Al tiempo, los dos alemanes han sido más visionarios y audaces para gastar, sobre todo el Dortmund que no pagó ni cinco millones de euros por el tetra-goleador Robert Lewandowski.

 

Como decíamos en este espacio el pasado miércoles, cuando el Barcelona ya había sido goleado, es fácil señalar errores hoy.
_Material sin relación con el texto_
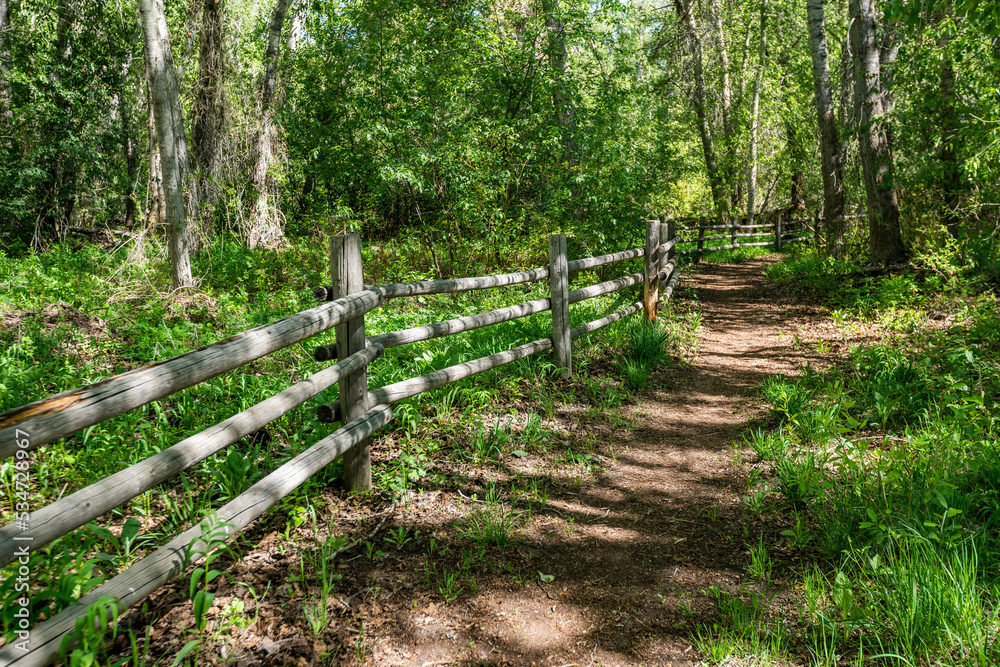 Footpath and fence in forest Footpath and fence in forest
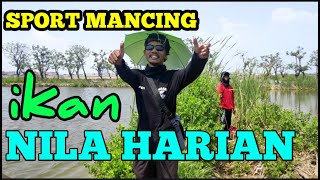 Mancing Mujaer Nila Babon Harian Empang luas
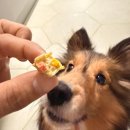 동그랑댕 이미지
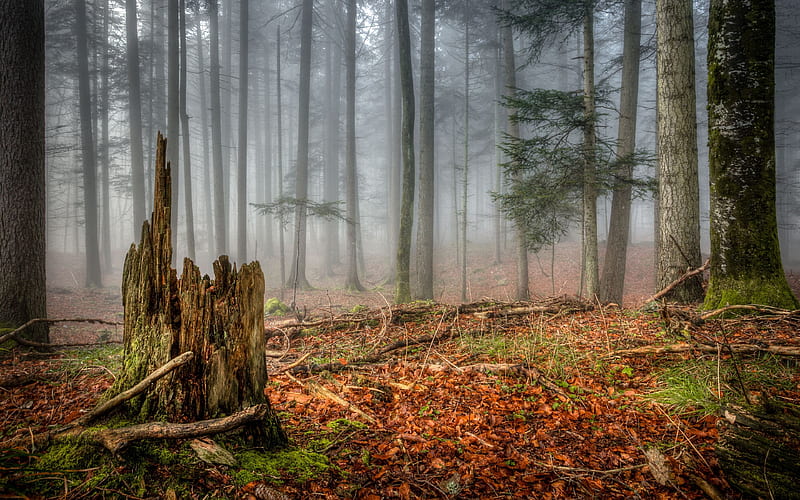 nature, coniferous forest, fog, HD wallpaper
La realidad inobjetable es que los dos titanes de la Bundesliga se han impuesto con comodidad y apegados a accionares frescos, juveniles, dinámicos, verticales, inteligentes, demasiado intensos para lo que los dos ibéricos podían responder.

 

“Pensábamos que iba a ser más fácil” ha dicho el madridista Pepe. “Nos faltó frescura para competir”, clamó el asistente técnico barcelonista, Jordi Roura.

 

Desde hoy, y a reserva de lo que pase en la vuelta (donde no descarto que el Madrid haga los milagrosos tres goles que lo clasificarían; el Barcelona necesita cinco para avanzar), se abre una pugna también a nivel de selecciones: la hegemónica por seis años España ante la nueva Alemania. En Sudáfrica 2010 ya se enfrentaron con victoria apretada de los hispanos; aquel era un cuadro teutón en proceso de formación y que no contaba con tantos recursos como los que se antojan para el 2014.

 

A priori, serán los dos candidatos primordiales, ambos con futboles generosos y vistosos. Pero lo acontecido en esos dos duelos semifinales, difícilmente será olvidado en España. Si Angela Merkel ya decidía la agenda financiera de este país, ahora los cuadros germanos deciden también las glorias del futbol en este continente. Es el primer round. Vienen varios más.